Can Machine Learning Improve Tax Enforcement Without Human Teachers?

TaxVox

Janet Holtzblatt

July 14, 2022

When it comes to tax enforcement, I used to believe the Internal Revenue Service could never have too much information. But the agency already collects an incredible amount of information that it underuses or does not use at all. Blame decade-long budget cuts, decades-long underinvestment in technology, and an overly complex tax code.

Last year, Treasury offered a beacon for hope—assuming Congress approves the Biden Administration’s dormant proposal to boost the IRS’s budget. Buried in its tax compliance plan is a pledge that a portion of the additional money would be invested in developing machine learning capabilities—a set of statistical tools that can detect complex relationships in Big Data. The goal: To leverage existing information to better identify tax returns for compliance review.

The IRS is not waiting for the money to begin research and development. At last month’s IRS-TPC joint research conference on tax administration, researchers described how machine learning could be used to tackle two of the most complicated areas of the tax code—partnerships and profit-shifting by businesses.

The research is promising but still at a very early stage. The following week, TPC hosted a panel of experts from the IRS, the Massachusetts Institute of Technology, and the Brookings Institution to discuss some of the benefits and the challenges of using machine learning to improve tax enforcement.

There were two important takeaways: First, compared to current methods, machine learning could make better use of data by finding subtle patterns that can indicate noncompliance. Second, the name “machine learning” is misleading. Machines can’t do it alone. Humans teach the machines, and humans grade their output. And then it’s up to humans to correct the machines if their predictions are wrong.

Information overload?

Every fall, the IRS matches information returns, such as W-2s and 1099s, to individual income tax returns. In 2018, the IRS received about 3 billion information returns and detected 22.3 million discrepancies. But it selected only 2.9 million for further review.

Maybe that’s good enough. Taxpayers are more likely to comply with the tax code when they know the IRS has reliable information about their income from third parties. The evidence? They accurately report about 99 percent of wages and salaries on their tax returns.

Let’s face it though: W-2 wage reporting sets a very high bar. Often, third-party information has holes. And taxpayers figure out how to game those gaps. For example, the newish 1099-K shows payments received by independent contractors but not their deductible expenses such as gas purchases by ridesharing drivers. Some taxpayers have responded by switching from understating gross receipts to overstating expenses on their returns.

Machine learning for dummies (like me)

To help non-experts understand how machine learning works, Alex Engler from Brookings and I prepared a primer on the tool and its potential for tax enforcement.

Here are a few quick lessons.

Two prominent types of machine learning are supervised or unsupervised. In the first instance, computers would be fed examples of noncompliant taxpayers who were identified in past audits. The computer would then observe relationships between noncompliance and other variables, such as high losses or excessive expenses. The results would become the basis for a predictive model that could kick out suspicious incoming returns for more review by IRS staff.

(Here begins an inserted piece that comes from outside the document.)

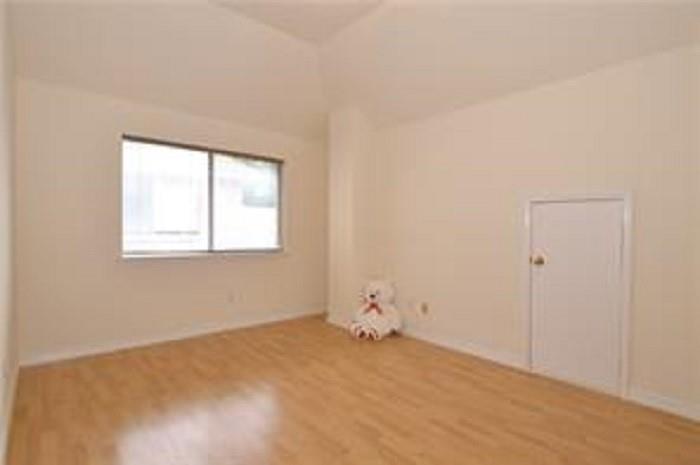 5828 Mossbrook Trail Property Photo 21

In contrast, unsupervised learning does not require examples. The computer would pick up anomalies among newly filed returns to identify emerging trouble areas. For example, it might point to a return that, relative to others with similar characteristics, shows much less taxable income. Here too, IRS staff would check out those trends.

Under either approach, computers could absorb and analyze more data than the conventional approaches. Because they can identify relationships and patterns, they don’t need a precise link between a specific data point and a line on a tax return.

But machine learning won’t solve every problem. By building on historical data, supervised learning might be unduly influenced by past audits. Some may have been settled in the noncompliant taxpayers’ favor solely because the IRS did not have sufficient IRS resources to pursue the case. Others may have been settled in the IRS’s favor solely because compliant taxpayers were too scared to respond to an audit notice. Neither will help show true compliance patterns.

A second challenge: the complexity of the law and of the computer models themselves. Will computers make any more sense of the gray areas of the tax code than talented lawyers? Machine learning can deploy very complicated models based on relationships between many variables, making it difficult to isolate which factors contribute to noncompliant behavior—important to know when designing strategies to improve compliance.

In the end, machines still need humans to help them make sense of our complex world. And that will require the expertise of an experienced and skilled IRS staff to feed the computers the right evidence, wisely evaluate their output, and—when necessary—to finetune the predictive models.